**SOURCE INFORMATION**
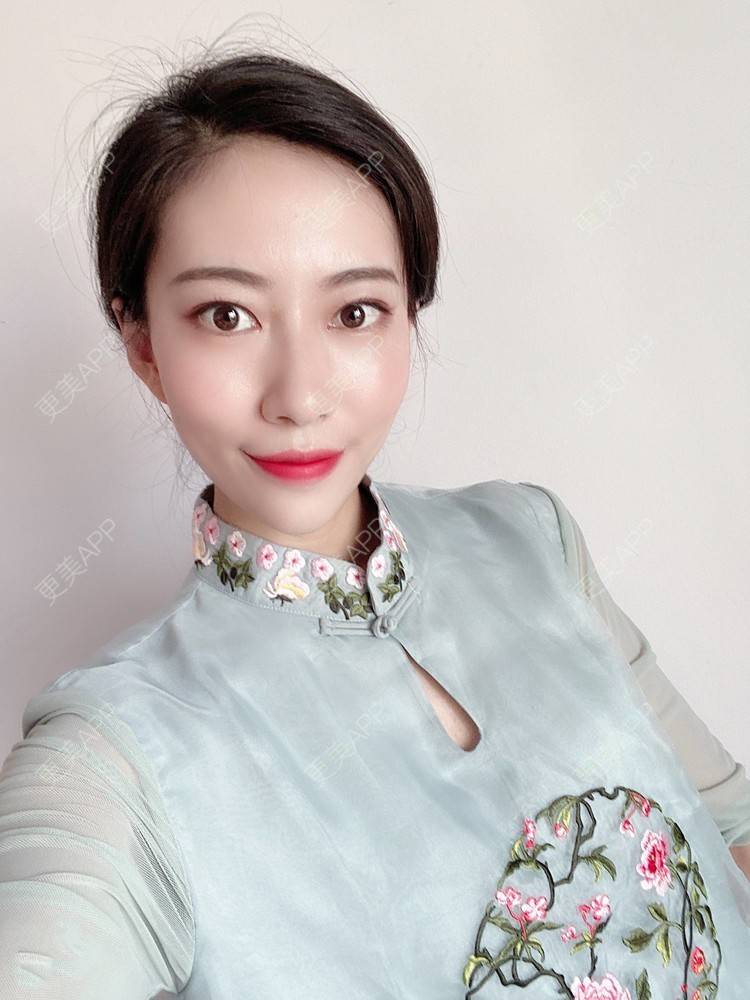 更美 - 富力小姐姐的射频溶脂瘦脸经验 | 北京 | 射频提升 | 射频溶脂瘦脸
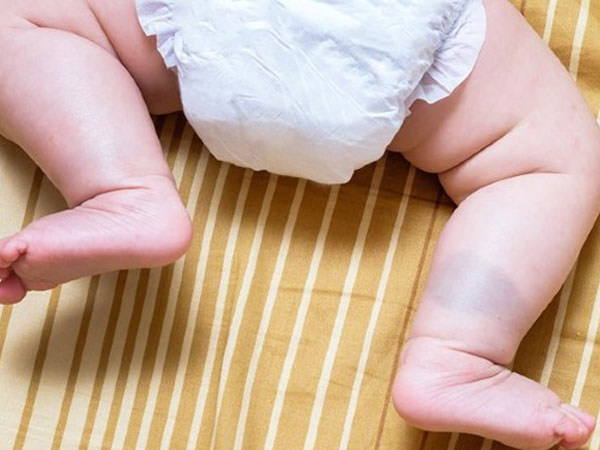 Trẻ bị chàm xanh: Những điều cha mẹ cần biết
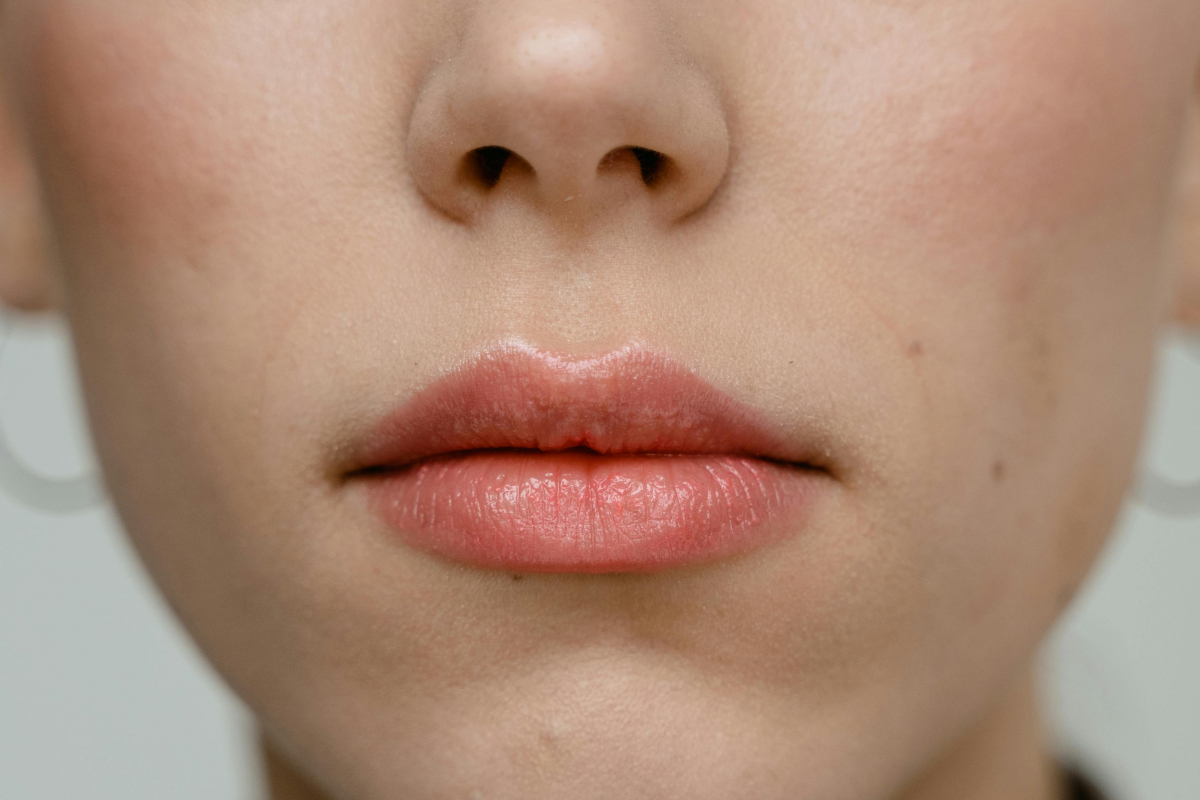 Cara mengatasi jerawat dalam hidung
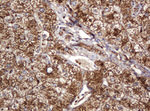 BTLA Antibody in Immunohistochemistry (Paraffin) (IHC (P))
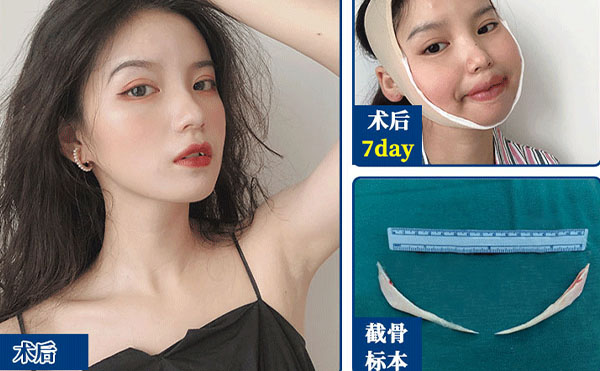 磨骨整形術(shù)后注意事項(xiàng)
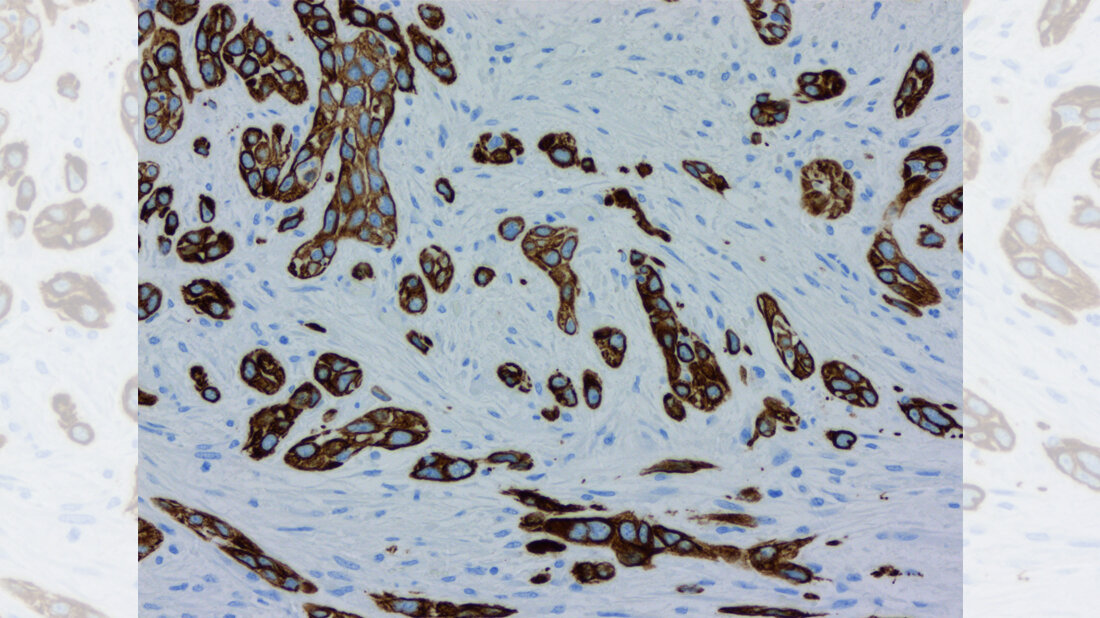 Keratin-7-Färbung eines Bauchspeicheldrüsentumors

**HOW TO COMPLETE THIS TASK**
Write the lines out again exactly, beginning at the one containing "BTLA Antibody in" and ending with the last line of the entries, but without any pictures.

**REPLY TO THE TASK**
 BTLA Antibody in Immunohistochemistry (Paraffin) (IHC (P))
 磨骨整形術(shù)后注意事項(xiàng)
 Keratin-7-Färbung eines Bauchspeicheldrüsentumors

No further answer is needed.